- [Data section]
=== Section Start ===
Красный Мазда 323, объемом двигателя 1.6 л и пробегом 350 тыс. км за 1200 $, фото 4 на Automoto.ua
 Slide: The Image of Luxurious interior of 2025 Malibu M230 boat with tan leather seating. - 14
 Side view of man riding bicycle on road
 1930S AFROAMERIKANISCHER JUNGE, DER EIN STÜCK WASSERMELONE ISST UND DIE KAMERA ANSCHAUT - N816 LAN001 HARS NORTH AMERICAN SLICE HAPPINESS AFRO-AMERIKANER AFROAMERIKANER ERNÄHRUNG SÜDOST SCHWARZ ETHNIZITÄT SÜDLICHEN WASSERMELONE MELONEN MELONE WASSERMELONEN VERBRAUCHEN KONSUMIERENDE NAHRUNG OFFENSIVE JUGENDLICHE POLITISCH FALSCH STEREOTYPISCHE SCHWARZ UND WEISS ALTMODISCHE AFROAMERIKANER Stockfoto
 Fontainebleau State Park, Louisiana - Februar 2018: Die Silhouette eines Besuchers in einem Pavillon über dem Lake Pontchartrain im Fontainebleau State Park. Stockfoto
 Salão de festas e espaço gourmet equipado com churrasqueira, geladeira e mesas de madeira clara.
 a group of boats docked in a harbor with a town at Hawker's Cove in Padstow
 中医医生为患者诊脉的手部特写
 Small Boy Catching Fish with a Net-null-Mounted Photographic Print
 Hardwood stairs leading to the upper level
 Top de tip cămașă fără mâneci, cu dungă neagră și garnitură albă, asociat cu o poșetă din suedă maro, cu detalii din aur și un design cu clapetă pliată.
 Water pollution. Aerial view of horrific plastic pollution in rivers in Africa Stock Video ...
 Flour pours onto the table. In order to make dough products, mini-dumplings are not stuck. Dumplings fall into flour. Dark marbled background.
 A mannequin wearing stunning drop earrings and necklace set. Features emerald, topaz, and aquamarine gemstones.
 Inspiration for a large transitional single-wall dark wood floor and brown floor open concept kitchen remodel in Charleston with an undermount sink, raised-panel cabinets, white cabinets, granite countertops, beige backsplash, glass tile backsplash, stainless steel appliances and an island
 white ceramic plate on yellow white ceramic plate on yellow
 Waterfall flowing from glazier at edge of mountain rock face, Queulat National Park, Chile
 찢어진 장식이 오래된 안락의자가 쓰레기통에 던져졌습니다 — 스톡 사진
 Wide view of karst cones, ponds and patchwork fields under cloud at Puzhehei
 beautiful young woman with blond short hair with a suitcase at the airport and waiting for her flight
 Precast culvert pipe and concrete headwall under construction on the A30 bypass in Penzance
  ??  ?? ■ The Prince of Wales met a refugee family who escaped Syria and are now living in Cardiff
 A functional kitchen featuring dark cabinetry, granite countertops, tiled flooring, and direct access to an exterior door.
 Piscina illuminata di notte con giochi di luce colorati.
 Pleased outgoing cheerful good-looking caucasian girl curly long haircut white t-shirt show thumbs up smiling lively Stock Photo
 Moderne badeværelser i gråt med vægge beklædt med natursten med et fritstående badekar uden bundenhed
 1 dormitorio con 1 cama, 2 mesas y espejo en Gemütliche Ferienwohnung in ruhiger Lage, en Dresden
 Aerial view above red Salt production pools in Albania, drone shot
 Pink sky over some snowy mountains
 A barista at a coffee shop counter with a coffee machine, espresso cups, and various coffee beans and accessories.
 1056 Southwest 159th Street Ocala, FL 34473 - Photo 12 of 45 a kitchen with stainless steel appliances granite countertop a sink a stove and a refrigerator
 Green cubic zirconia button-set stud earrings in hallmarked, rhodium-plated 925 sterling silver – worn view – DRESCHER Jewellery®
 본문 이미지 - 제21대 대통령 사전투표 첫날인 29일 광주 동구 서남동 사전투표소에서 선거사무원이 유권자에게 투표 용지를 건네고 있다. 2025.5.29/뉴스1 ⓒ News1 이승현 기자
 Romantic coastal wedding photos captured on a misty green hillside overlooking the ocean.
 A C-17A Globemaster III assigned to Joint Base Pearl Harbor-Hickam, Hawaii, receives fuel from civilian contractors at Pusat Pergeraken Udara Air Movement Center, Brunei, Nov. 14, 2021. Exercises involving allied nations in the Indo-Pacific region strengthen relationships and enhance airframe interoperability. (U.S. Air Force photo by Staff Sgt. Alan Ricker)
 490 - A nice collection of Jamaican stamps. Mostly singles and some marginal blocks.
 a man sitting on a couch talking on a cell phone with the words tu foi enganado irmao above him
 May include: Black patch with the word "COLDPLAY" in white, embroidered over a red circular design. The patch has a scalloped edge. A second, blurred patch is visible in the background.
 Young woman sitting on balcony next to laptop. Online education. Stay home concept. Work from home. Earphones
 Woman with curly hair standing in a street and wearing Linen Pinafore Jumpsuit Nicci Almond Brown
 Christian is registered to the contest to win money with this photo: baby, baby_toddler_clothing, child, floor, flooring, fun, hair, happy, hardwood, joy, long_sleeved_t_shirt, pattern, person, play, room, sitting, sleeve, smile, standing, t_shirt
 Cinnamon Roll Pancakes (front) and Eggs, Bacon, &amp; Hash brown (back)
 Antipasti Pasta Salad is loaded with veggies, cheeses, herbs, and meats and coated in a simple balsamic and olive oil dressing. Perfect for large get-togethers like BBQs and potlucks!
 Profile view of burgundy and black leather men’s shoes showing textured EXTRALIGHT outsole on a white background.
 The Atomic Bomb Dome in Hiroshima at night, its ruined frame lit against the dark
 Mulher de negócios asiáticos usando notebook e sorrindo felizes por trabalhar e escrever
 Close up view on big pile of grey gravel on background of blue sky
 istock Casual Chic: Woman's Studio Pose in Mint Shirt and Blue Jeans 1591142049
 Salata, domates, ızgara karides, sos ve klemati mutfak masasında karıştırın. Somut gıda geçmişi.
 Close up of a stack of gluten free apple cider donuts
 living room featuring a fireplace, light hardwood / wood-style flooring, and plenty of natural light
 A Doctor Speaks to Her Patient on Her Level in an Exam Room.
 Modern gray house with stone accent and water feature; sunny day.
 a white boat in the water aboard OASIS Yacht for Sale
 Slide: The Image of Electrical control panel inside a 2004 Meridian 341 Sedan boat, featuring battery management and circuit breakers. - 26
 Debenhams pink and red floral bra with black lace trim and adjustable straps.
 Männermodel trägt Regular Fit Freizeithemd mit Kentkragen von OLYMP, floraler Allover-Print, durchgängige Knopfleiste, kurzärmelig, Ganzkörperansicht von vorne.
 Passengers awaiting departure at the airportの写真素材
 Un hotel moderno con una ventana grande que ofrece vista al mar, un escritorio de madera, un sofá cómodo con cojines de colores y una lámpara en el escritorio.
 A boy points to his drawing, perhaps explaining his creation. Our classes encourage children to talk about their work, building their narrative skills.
=== Section End ===
- [Required work] Please restate word for word only the lines running from the line that contains "The Atomic Bomb" to the final line of the listing above.

- [Answer section]
 The Atomic Bomb Dome in Hiroshima at night, its ruined frame lit against the dark
 Mulher de negócios asiáticos usando notebook e sorrindo felizes por trabalhar e escrever
 Close up view on big pile of grey gravel on background of blue sky
 istock Casual Chic: Woman's Studio Pose in Mint Shirt and Blue Jeans 1591142049
 Salata, domates, ızgara karides, sos ve klemati mutfak masasında karıştırın. Somut gıda geçmişi.
 Close up of a stack of gluten free apple cider donuts
 living room featuring a fireplace, light hardwood / wood-style flooring, and plenty of natural light
 A Doctor Speaks to Her Patient on Her Level in an Exam Room.
 Modern gray house with stone accent and water feature; sunny day.
 a white boat in the water aboard OASIS Yacht for Sale
 Slide: The Image of Electrical control panel inside a 2004 Meridian 341 Sedan boat, featuring battery management and circuit breakers. - 26
 Debenhams pink and red floral bra with black lace trim and adjustable straps.
 Männermodel trägt Regular Fit Freizeithemd mit Kentkragen von OLYMP, floraler Allover-Print, durchgängige Knopfleiste, kurzärmelig, Ganzkörperansicht von vorne.
 Passengers awaiting departure at the airportの写真素材
 Un hotel moderno con una ventana grande que ofrece vista al mar, un escritorio de madera, un sofá cómodo con cojines de colores y una lámpara en el escritorio.
 A boy points to his drawing, perhaps explaining his creation. Our classes encourage children to talk about their work, building their narrative skills.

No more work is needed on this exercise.